Fabrice Amedeo

Journaliste ou marin ? Dans la vie, Fabrice a décidé de ne pas choisir. Ce Levalloisien de 40 ans, originaire de Segré dans le Maine et Loire, est autant passionné par son métier que par la course au large et a fait le pari d’une vie partagée entre le bureau et l’océan. A terre, Fabrice a tracé son sillage de journaliste. Diplômé en philosophie et de Sciences-Po, il a également coréalisé deux documentaires pour la télévision et a écrit huit livres depuis 2005, dont cinq sur l’univers de l’océan et de la course au large.

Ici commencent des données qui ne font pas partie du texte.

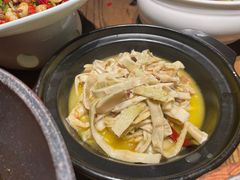 -爱碗亭·鲜炒湖南菜(壹城中心店)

Côté grand large, Fabrice a découvert la mer dès l’âge de trois ans à l’occasion des croisières familiales sur un petit Bénéteau de 22 pieds. Plusieurs semaines par an, il s’est progressivement initié aux joies de la mer et de la voile. Puis à l’adolescence est venue  l’époque des premières régates – Spi Ouest France, courses du Fastnet, Tour de France à la voile – et des premiers convoyages  au long cours avec notamment une première transat. Cet apprentissage de la régate de haut niveau et du grand large et la sérénité qu’il y puise, a incité Fabrice à repousser plus loin ses limites. En 2008, l’année de ses 30 ans, il a décidé de se lancer dans le grand bain de la course au large. Il a pris six mois sabbatiques pour participer à la transat AG2R ainsi qu’à la Solitaire du Figaro. En 2010, il a remis cela sans complexe avec une participation à la mythique Route du Rhum, sa première transat en solitaire, sur laquelle il termine à la 26è place sur 44 bateaux au départ. Depuis, il n’a fait que passer de plus en plus de temps sur l’eau et au large, animé par sa ténacité et son perfectionnisme, pour progresser encore et encore et devenir compétitif face aux marins professionnels issus du sérail de la course océanique. 3è de la Solidaire du Chocolat, une transat entre la France et le Mexique en 2012, 4è de la transat Quebec – Saint Malo quelques mois plus tard, 6è de la transat Jacques Vabre en 2013. En 2014, il termine 9è de La Route du Rhum en Class 40 sur 43 bateaux au départ.

Ces aventures n’ont pas rassasié le skipper-journaliste. Bien au contraire, la Route du Rhum 2014 l’a renforcé dans la conviction qu’après avoir appris à naviguer dans une baie, après avoir traversé l’Atlantique 7 fois, il était prêt pour de nouveaux horizons : le Vendée Globe. En novembre 2016, à la barre d’un Imoca initialement construit pour Loïck Peyron, Fabrice prend le départ aux Sables d’Olonne de son Everest personnel, le tour du monde en solitaire sans escale et sans assistance. Après un peu moins de 104 jours de solitude, il est de retour en Vendée en 11ème position, après avoir fait vivre aux terriens son aventure de la plus belle des manières et avec l’envie farouche d’y retourner.

Quelques mois plus tard, il se lance dans un nouveau Vendée Globe, entrepreneurial cette fois-ci, et rachète un foiler de toute dernière génération pour mettre le cap sur un nouveau chapitre de son histoire avec le large.

 

Fabrice en quelques mots

Coureur au large depuis une quinzaine d’années.

12è de la Transat Jacques Vabre 2017. 11è du Vendée Globe 2016-17. 9è de la Route du Rhum 2014. 6è de la transat Jacques Vabre 2013, 3è de la Solidaire du Chocolat 2012, 4è de la transat Quebec – Saint Malo 2012, 26è (sur 44) sur la Route du Rhum 2010.

Participation  à la Solitaire du Figaro 2008, à la Transat AG2R 2008.

Huit participations à la course du Fastnet. Participation au Tour de France à la voile.

Journaliste au Figaro de 2003 à 2017.

Auteur. Seul face au large (Glénat 2017), Capturer le Large, les marins racontent (Glénat 2016), Les Héros de l’Atlantique, 10è Route du Rhum (Glénat 2014), La Face cachée d’Air France (Flammarion 2010), Les Rois du large, 40 éditions de la Solitaire du Figaro (Glénat 2009), Le Tour du monde de tous les extrêmes, l’aventure de 10 jeunes marins sur la Volvo Ocean Race (Glénat 2007), Actualité de la démocratie athénienne (François Bourin Editeur 2006), Les Fossoyeurs de l’Europe (François Bourin Editeur 2005).